São cartas, bilhetes, cartões, faxes e mensagens várias, enviados ao longo dos anos, com troca de ideias sobre questões, tanto da vida íntima, como da conjuntura contemporânea, social e política, sobre a qual partilhavam a mesma visão comunista.

Várias mensagens são reveladoras do afeto entre os dois casais, uma das quais assinada por José e Pilar, na qual se referem ao "manjar supremo que é a amizade".

A saúde e a velhice também são amiúde referidas, e Jorge Amado escreve, em 1995, esperar que o trabalho ocupe os seus "dias de velhice -- velhice não é coisa que preste".

As cartas refletem também o anseio que os dois escritores partilhavam por receber prémios literários e a alegria que cada um deles sentia de saber que o outro o recebera.

Em julho de 1993, José Saramago escreve ao seu amigo, a propósito da atribuição do Prémio Camões a Rachel Queiroz, que não discute os méritos da premiada, mas não entende "como e porquê o júri ignora ostensivamente (quase apeteceria dizer: provocadoramente) a obra de Jorge Amado".

No ano seguinte, Jorge Amado receberia então o prémio, e José Saramago escreveria "finalmente o Camões para quem tão esplendidamente tem servido a língua dele!", acrescentando: "Será preciso dizer que nesta casa se sentiu como coisa nossa esse prémio?".

Mas a vez de Saramago chegou em 1995 e, em resposta às felicitações enviadas por Jorge Amado, o autor português confessou: "Em nenhum momento da vida, desde que o prémio existe, me passara pela cabeça que um dia poderiam dar-mo.
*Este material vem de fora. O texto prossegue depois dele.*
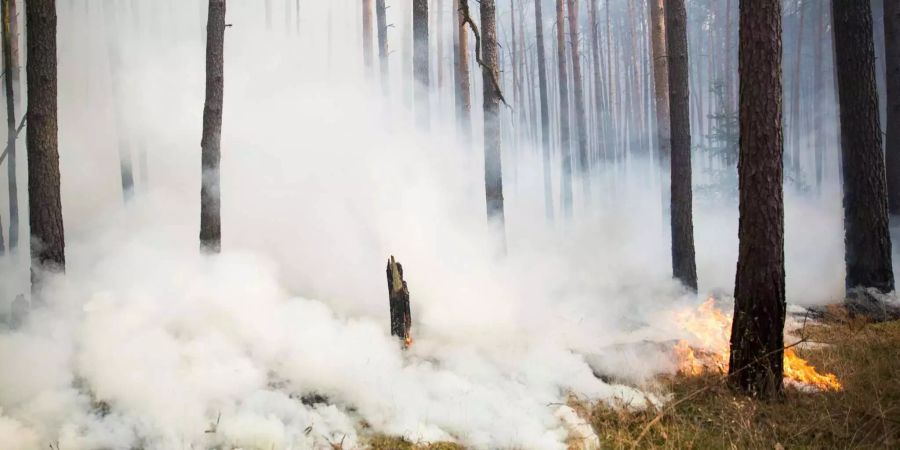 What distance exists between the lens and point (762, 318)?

Aí está ele, para alegria minha e dos meus amigos, e raiva de uns quantos 'colegas' que não querem admitir que eu existo...".

Também o Nobel era tema frequente e José Saramago chega a partilhar, numa missiva para Jorge Amado, em 1994, o desejo de que o prémio lhes fosse atribuído em conjunto, ideia que o escritor brasileiro recebeu com regozijo, considerando-a "magnífica", mas temendo que "os suecos da Academia" dividissem "o milhão entre Lobo Antunes e João Cabral".
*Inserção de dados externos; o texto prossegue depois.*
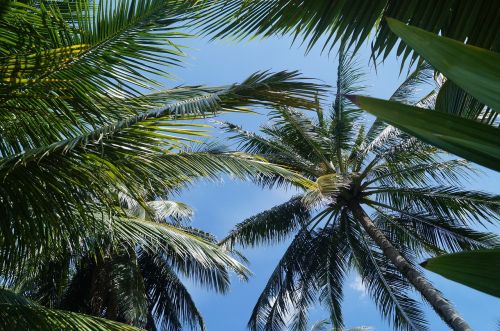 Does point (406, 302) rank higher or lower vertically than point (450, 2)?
higher

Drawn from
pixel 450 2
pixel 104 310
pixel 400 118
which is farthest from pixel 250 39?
pixel 104 310

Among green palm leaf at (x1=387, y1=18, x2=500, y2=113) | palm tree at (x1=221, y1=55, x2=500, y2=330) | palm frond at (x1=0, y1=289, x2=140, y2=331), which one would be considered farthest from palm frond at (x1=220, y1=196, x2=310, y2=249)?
green palm leaf at (x1=387, y1=18, x2=500, y2=113)

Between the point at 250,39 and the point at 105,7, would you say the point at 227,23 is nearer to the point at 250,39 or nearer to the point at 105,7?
the point at 250,39

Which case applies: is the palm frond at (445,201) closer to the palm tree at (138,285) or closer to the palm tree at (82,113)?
the palm tree at (138,285)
No entanto, os anos passavam e o prémio não chegava para nenhum deles, levando José Saramago, em 1997, a escrever, em desabafo, a Jorge Amado, que os membros da Academia não gostam da língua portuguesa e que "não têm metro que chegue para medir a estatura de um escritor chamado Jorge Amado".
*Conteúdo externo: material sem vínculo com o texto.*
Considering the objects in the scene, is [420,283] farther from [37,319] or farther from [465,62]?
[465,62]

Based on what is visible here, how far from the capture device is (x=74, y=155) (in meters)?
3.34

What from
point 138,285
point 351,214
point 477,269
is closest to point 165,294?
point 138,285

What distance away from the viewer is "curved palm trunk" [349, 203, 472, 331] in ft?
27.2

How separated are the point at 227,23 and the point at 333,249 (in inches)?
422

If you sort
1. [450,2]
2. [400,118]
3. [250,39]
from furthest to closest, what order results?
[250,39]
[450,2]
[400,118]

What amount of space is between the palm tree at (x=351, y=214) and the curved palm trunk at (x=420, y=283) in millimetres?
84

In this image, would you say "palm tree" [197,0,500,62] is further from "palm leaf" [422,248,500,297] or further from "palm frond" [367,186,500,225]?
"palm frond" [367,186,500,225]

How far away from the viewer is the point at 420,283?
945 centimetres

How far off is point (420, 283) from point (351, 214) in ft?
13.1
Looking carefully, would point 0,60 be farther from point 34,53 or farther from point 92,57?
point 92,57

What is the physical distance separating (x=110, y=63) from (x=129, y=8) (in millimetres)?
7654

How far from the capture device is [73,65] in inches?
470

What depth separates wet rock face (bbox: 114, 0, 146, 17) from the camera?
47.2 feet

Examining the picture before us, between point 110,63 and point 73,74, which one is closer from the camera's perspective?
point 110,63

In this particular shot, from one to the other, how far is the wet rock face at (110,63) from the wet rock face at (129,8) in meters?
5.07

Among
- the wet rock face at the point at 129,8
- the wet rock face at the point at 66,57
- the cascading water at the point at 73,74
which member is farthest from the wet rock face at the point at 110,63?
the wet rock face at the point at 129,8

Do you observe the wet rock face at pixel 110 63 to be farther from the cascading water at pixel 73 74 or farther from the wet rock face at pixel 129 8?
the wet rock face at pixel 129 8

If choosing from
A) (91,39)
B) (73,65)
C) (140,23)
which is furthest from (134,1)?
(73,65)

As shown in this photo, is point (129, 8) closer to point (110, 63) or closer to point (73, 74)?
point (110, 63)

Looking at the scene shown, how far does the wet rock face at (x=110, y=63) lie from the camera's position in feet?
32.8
Nesse mesmo ano, a correspondência entre os dois cessou devido ao agravamento da saúde do coração e dos olhos de Jorge Amado, que foi perdendo a visão mais rapidamente do que se esperava, acabando por mergulhar numa profunda depressão, que o deixava dias inteiros deitado num cadeirão na sala, com os olhos fechados.

A 08 de outubro de 1998, Zélia sentou-se a seu lado e deu-lhe a notícia de que o "seu amigo José Saramago vinha de ganhar o Prémio Nobel", conta a filha.

"Como num passe de mágica, um milagre luso-sueco, Jorge pulou do cadeirão, chamou Paloma, pediu que se sentasse no computador, que ele iria ditar uma nota".

Foi a última carta. Brindou com champanhe, fez a festa com a mulher e a filha e "foi dormir contente". "No dia seguinte, não quis mais abrir os olhos".

Capa da edição "Companhia das Letras"

Apresentação da obra via Companhia das Letras (Brasil) aqui
"A amizade entre Jorge Amado e José Saramago teve início quando os dois já tinham idade mais avançada e consolidada carreira literária, porém o vínculo tardio não impediu que os escritores formassem um laço forte, estendido as suas companheiras, Zélia e Pilar. Este livro reúne a correspondência entre os dois mestres - e os dois casais, muitas vezes -, entre os anos de 1992 e 1998. São cartas, bilhetes, cartões e faxes com uma rica troca de ideias sobre questões tanto da vida íntima como da conjuntura contemporânea, sobretudo a cena literária. Eles debatem com humor sobre prêmios e associações de escritores, com especulações divertidas sobre quem seria, por exemplo, o próximo a ser contemplado com o Nobel ou o Camões. Com um projeto gráfico especial, ilustrado com facsímiles das missivas e belíssimas fotos do acervo pessoal dos autores, Com o mar por meio aproxima os leitores do universo particular dos dois amigos."